Schedule R Scripts with Windows 10 Task Scheduler
Here’s a common scenario – you write an Rmarkdown report that will need to be rendered at regular intervals as the underlying data is updated. In my role, this happens a lot with forms. We put out A LOT of forms to survey participants in our programs, get feedback on our services, etc. Some of these surveys may stay live for the entire year, while others have a very specific timeline, and in both cases, it is beneficial to run the R script that compiles the results into a report at regular intervals.
If you’re on a Windows machine like I am (specifically Windows 10), a little bit of Googling will lead you to the Windows Task Scheduler (and also the taskscheduleR
package, to be discussed below).

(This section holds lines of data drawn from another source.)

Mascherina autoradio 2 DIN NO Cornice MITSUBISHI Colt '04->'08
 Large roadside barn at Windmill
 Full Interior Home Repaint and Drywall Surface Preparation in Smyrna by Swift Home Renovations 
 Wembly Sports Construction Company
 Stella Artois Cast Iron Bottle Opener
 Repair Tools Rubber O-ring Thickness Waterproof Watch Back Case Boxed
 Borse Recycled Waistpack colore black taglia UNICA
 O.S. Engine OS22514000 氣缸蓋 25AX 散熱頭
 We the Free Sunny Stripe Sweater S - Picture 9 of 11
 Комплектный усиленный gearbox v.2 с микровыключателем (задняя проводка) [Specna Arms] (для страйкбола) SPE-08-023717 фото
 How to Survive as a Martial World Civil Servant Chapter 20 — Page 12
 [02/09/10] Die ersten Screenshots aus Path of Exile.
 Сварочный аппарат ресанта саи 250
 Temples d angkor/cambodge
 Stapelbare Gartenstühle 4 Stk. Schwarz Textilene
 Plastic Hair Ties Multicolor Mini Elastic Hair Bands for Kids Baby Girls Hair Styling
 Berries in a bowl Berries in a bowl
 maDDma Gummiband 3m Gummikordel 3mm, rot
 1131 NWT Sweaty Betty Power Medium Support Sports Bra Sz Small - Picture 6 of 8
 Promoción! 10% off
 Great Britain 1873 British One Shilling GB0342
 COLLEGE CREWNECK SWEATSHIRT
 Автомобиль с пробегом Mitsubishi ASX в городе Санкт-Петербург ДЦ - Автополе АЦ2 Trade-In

Task Scheduler allows you to schedule tasks (e.g. running an R script) with a range of settings.
Full disclosure: I stumbled my way through Task Scheduler before I learned of the taskscheduleR
package – I won’t address is here because you can review the documentation for yourself (taskscheduleR package).
Getting Set Up
To begin, let’s create a reproducible example so we can walk through the process with the same code.
First, we will want to set up a project directory with the following steps:
- Within RStudio, choose File > New Project.
- Select New Directory.
- Select New Project.
- Enter a Directory name: – this will be the folder name. For consistency I’m going to use
task_scheduler_example
, which I will reference throughout this post.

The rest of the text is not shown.